Based on a little known adventure game called Subculture for the PC, Deep Fighter borrows a lot from that original game. Using most of the equipment and minerals from its inspiration (like the OR System and Thorium crystals); migrating players from the computer game will surely feel right at home. If you're unfamiliar with the sub-level universe however, there is still no need to worry, Deep Fighter is extremely easy to get into (and even easier to play).
Set in a war-torn community hidden beneath the sea, Deep Fighter requires you to pilot different submarines and accomplish certain story-based missions. Whether or not you succeed in a certain mission can often affect your progress and access to bigger and better equipment. With an ultimate goal of building the Leviathan Mother Ship to fly your people out of hostile territory, you'll want to succeed in your tasks as quickly as possible. Of course, nature's hazards and your mysterious mortal enemies, the Shadowkin, have other plans.
To combat your foes you're provided with an impressive amount of weaponry and tools. Ranging anywhere from heat-seeking missiles to stun darts (for subduing the local sea life), your inventory is managed rather effectively, and using your equipment is as easy as pressing either the left or right shoulder buttons. Deep Fighter is played from both a first-person perspective (for a big chunk of the action), and a third-person behind the ship view (usually when hauling cargo).
With almost forty scenarios and six humungous environenments, you aren't going to finish this game off over the weekend. And even though similar games that have come before it may have had a greater amount of levels and increased play time, I can't think one that was as diverse as Deep Fighter.
Evading the run-of-the-mill "seek and destroy" setup, Deep Fighter challenges you to think as much as you blast. Proposing various missions that will see you breeding fish, activating perimeter defenses, and even racing your wingmen in attempts to test out new engine modifications, Ubi Soft and Criterion's least advertised Dreamcast jaunt was and still is as "deep" as the moniker says. There's even a couple of Intense boss fights thrown in every couple of missions or so, and just like the days of 16-Bit, they'll push you as much as they wow you.

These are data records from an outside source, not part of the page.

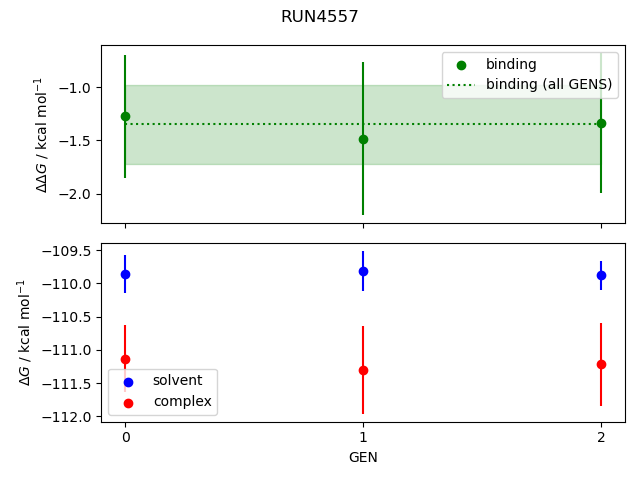 convergence plot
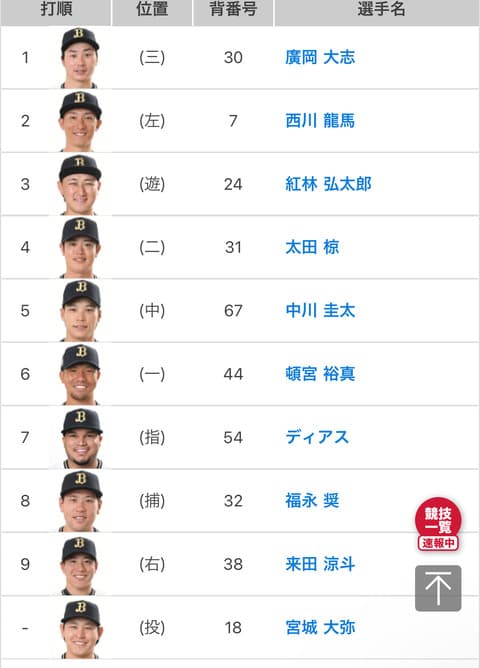 5.14vs日本ハム オリックススタメンの反応 3番紅林4番太田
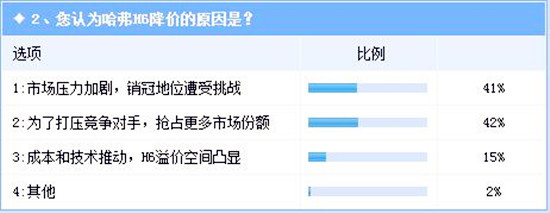 大勢(shì)哈弗H6,升級(jí)版上市為何降價(jià)?@chinaadec.com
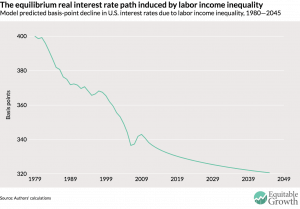 Income inequality and aggregate demand in the United States - Equitable ...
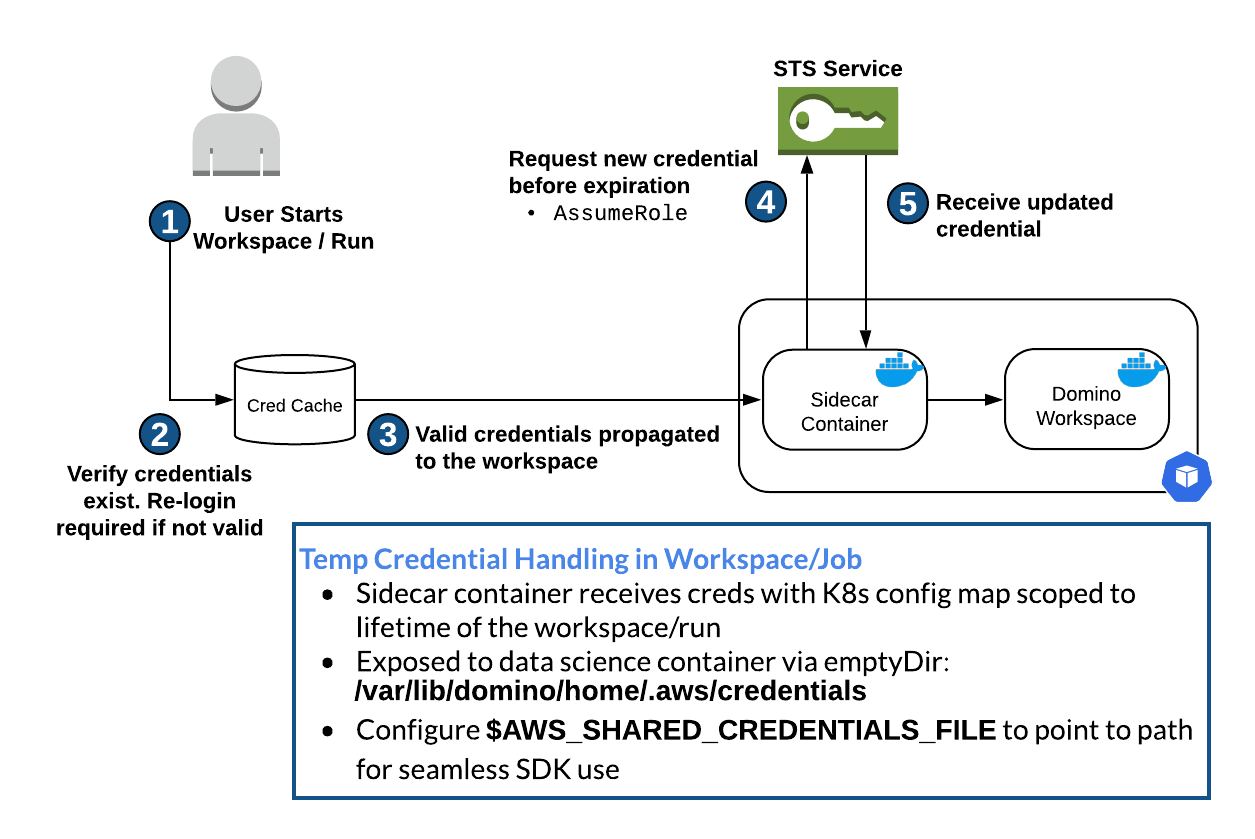 Keycloack launching Workspace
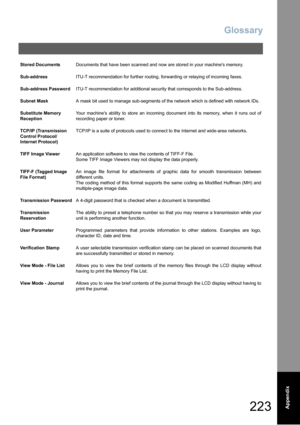 Page 223Glossary
223  Appendix
Stored DocumentsDocuments that have been scanned and now are stored in your machines memory.
Sub-addressITU-T recommendation for further routing, forwarding or relaying of incoming faxes.
Sub-address PasswordITU-T recommendation for additional security that corresponds to the Sub-address.
Subnet MaskA mask bit used to manage sub-segments of the network which is defined with network IDs.
Substitute Memory 
ReceptionYour machines ability to store an incoming document into its memory,...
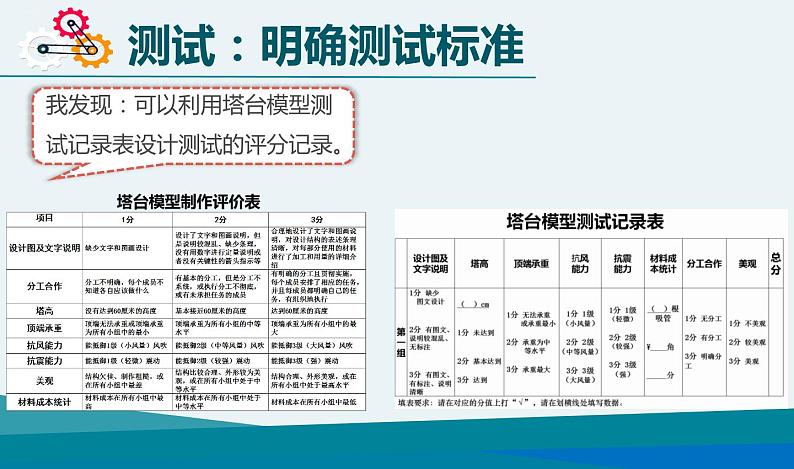 教科版 六年级科学下册 1.6《测试塔台模型》课件04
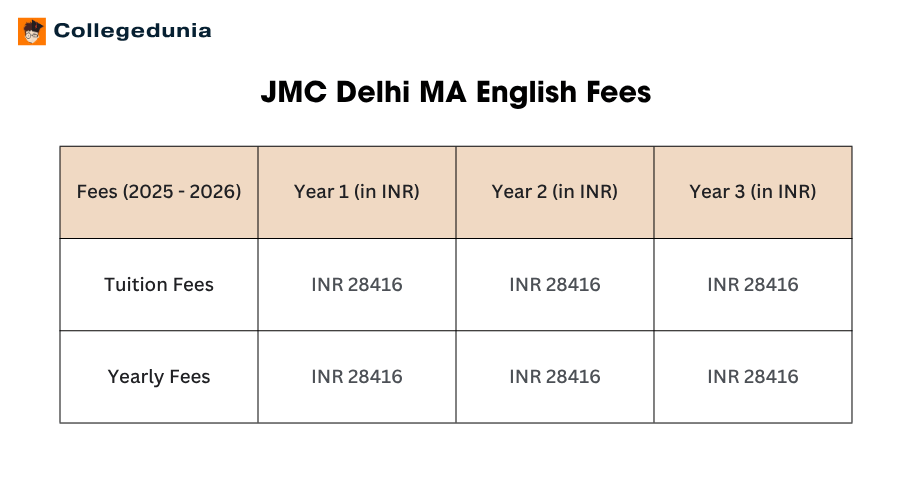 JMC Delhi MA English Fees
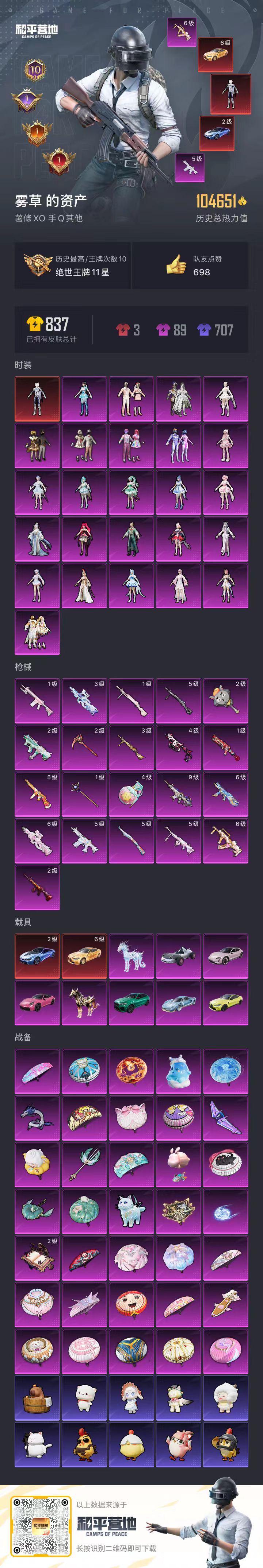 HPSJ3427372和平精英账号详情图3 HPSJ3427372和平精英账号详情图3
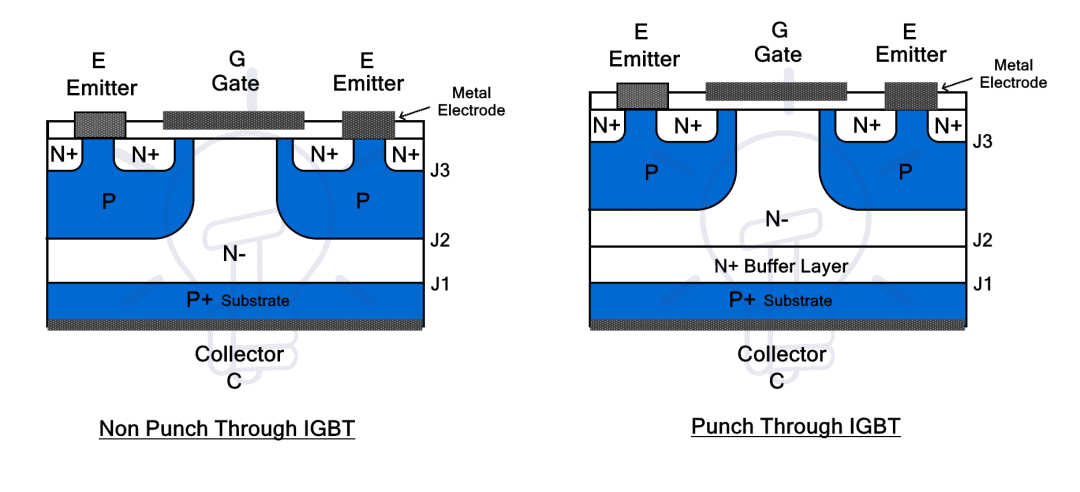 IGBT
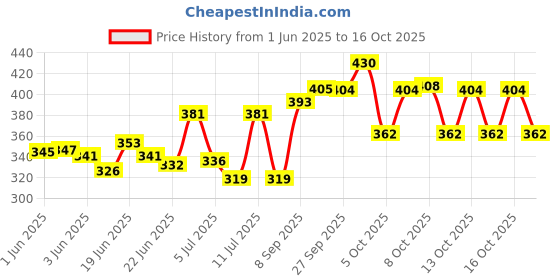 flipkart.com durex Intense Condom Condom durex Price History Graph from 1 Jun 2025 to 16 Oct 2025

Super-detailed textures and ass-kicking water effects help to create a fantastic and believable marine land. Enemy subs, gigantic fish, gargantuan jelly-fish queens, and even rocky seabed canyons are extremely easy on the eyes. The only real gripe I had is that since the game takes place underwater, a lot of the areas can end up appearing the same. Repetitive or not, you can't deny how good it looks, even today the game holds up nicely.
In fact, Deep Fighter does just about everything extremely well. In addition to the simple controls, overly creative missions, and the pleasant eye massage, the soundtrack too is top notch. Equivalent to any oceanic movie you've seen in the last twenty years, the score is sporting some serious kick. The game's composer, Richard Beddow deserves praise. I just find it unfortunate that the voice acting doesn't quite live up to the same standard.
Speaking of actors, this game has them ... and not just in the vocal sense. Deep Fighter features full-motion video cut-scenes straight out of the old days when Sega and Sony experimented with FMV.
I did stumble upon a bug or two during the course of play. The first one occurred when I was defending the Mother Ship construction site from Shadowkin scouts, there were four of them on my screen and I quickly demolished two of them ... when all of a sudden, the other two vanished. Strangely, the event music was still playing and although I looked around the entire area for more enemies there were none to be found and I was stuck in the mission with no way out because of a glitch.
The other problem I encountered came in the form of sound effects and voices. Occasionally my weapon's fire noise and the admiral's speech pattern would go into high speed mode. Without warning his instructions to me had become incoherent... I reset and tried again, and they were fine. Perhaps another week in the studio could have fixed these little problems?
Overall though, I enjoyed my time with Deep Fighter. Simple and complex at the same time, the relaxing atmosphere and intelligent mission structure had me yearning for retries at failed scenarios for hours. I highly recommend it.